Jedną z metod jest krzyżowanie typu 4x × 2x, 2x × 4x lub 2x × 2x z wykorzystaniem gamet
o niezredukowanej liczbie chromosomów. Duży wpływ na żywotność ziaren pyłku mają zaburzenia
przebiegające w procesie mejozy. Zaburzenia podczas mikrosporgenezy i rozwoju ziaren pyłku roślin
uprawnych, ozdobych czy dziko rosnących mogą mieć bardzo różną etiologię łącznie z czynnikami
genetycznymi, cytoplazmatycznymi czy cytoplazmatyczo-genetycznymi. Należy również pamiętać, iż
na jakość pyłku w dużym stopniu wpływają warunki zwnętrzne: długość fotoperiodu, temperatura,
dostęp do niezbędnych substancji mineralnych, stresy fizjologiczne np. susza. Blokada rozwoju
niezgodnego pyłku jaką obsrwowaliśmy w przypadku przeprowadzonych krzyżowań 4x × 2x jest
procesem aktywnym, warunkowanym obecnością genetycznie zaprogramowanych mechanizmów.
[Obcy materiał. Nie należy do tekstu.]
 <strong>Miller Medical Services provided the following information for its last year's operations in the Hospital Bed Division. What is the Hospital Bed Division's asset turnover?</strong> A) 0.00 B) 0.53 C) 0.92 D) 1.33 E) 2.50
W tym sezonie nie udało się uzyskać jagód do dalszych badań mających na celu zbadanie wpływu
dawki genu Ns na odporność. Program krzyżowań interploidalnch 4x × 2x zostanie powtórzony
w przyszłym sezonie, przy zwiększonej liczbie form ojcowskich 2x.
Wnioski:
W ramach tematu 1 z puli posiadanych materiałów tetraploidalnych wbrano pięć form rodzicielskich
odpornych na PVM z genem Rm i pięć form z genem Gm do krzyżowań tetraploidalnych 4x × 4x. Do
krzyżowań interploidalnych 4x × 2x z puli rodów tetraploidalnych z genem Ns wybrano sześć form
oraz dwie formy diploidalne. Dodatkowo oceniono 10 klonów 2x z genem Ns w celu wykorzystania
ich jako formy ojcowskie w powtórnych krzyżowaniach interploidalnych.
W ramach tematu 2 uzyskano po kolchicynowaniu 9 ukorzenionych roślin dla których w kolejnym
sezonie sprawdzony zostanie poziom ich ploidalności. Do określenia poziomu ploidalności
wykorzystana zostanie pośrednia metoda, polegająca na liczeniu chloroplastów w komórkach
przyszparkowych aparatu szparkowego. Będzie można stwierdzić czy zastosowane stężenia roztworu
kolchicyny i czasy kolchicynowania były właściwymi. Do dalszych badań w 2015 roku zostaną
wykorzystane dwa diploidalne klony ziemniaka: DW 83-3121 i DW 83-3127, które najlepiej
regenerowały. Niska wydajność proceu kolchicynowania wskazuje na konieczność wprowadzenia
nowych modyfikacji w metodyce. Wprowadzone zostanie 24-godzinne chłodzenie roślin
w temperaturze 4°C, poprzedzające moment nałożenia kolchicyny.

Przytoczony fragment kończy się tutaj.